Saat gece yarısını çoktan geçmiş, takvim yaprakları ise "yarın" kelimesini fısıldıyordu. Ben, zihnimde çalan alakasız şarkılar ve midemde dans eden kelebeklerden oluşan bir orkestra eşliğinde, büyük bir kararın eşiğindeydim: Bu gece, hayata veda etmeden önce, aklıma gelen her şeyi yapacaktım! (Evet, dramatize etmek benim göbek adım.)
İlk kurbanım, mutfaktaki "özel günlerde kullanılan" pembe dondurma kasesiydi. Normalde ona bakmak bile yasaktı ama bugün, kuralları çiğnemek için ideal bir gündü.
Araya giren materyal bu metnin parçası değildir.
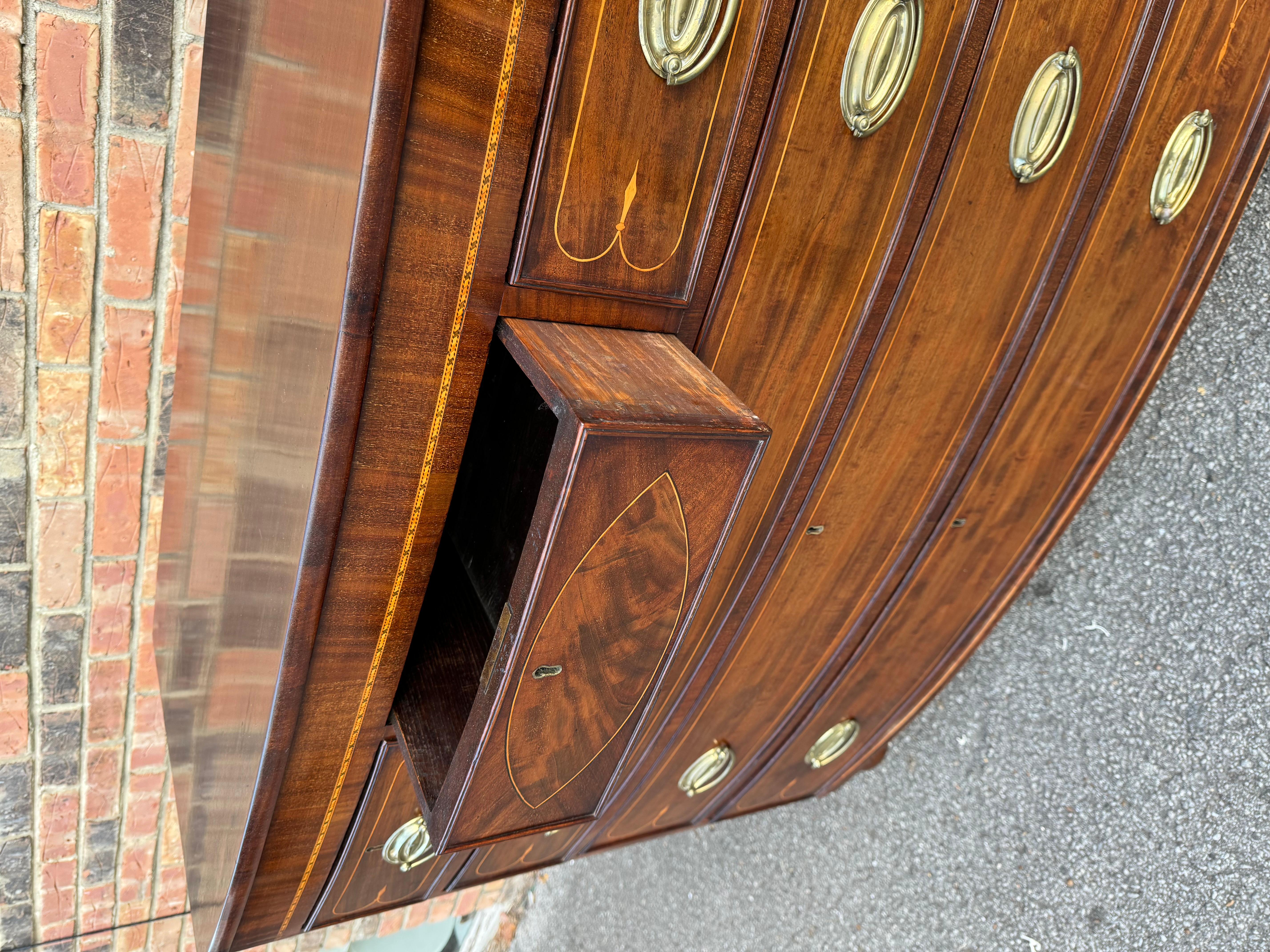 19th Century English Bowfront Chest 6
Kaseden yediğim her kaşık, içimde bir isyan çığlığıydı. Tabii ki, dondurma yedikten sonraki o meşhur "beyin donması" anı da cabası. Sanki beynim, "Bu gece yeterince absürt değil miydi?" der gibiydi.
Ardından, yatak odama doğru teatral bir şekilde yürüdüm. Kendimi "Yüzüklerin Efendisi"ndeki bir elf gibi hissederken (elbette, pijamalarım ve dağınık saçlarımla!), gardırobumdaki en çılgın kombinasyonu oluşturdum. Leopar desenli bir tayt, üzerine parıltılı bir tişört, ve kafama dağınıklıktan bile daha dağınık bir peruk… Aynada kendime bakıp, "İşte bu!" dedim. "İnsanlık, benim bu halimi görmeli!"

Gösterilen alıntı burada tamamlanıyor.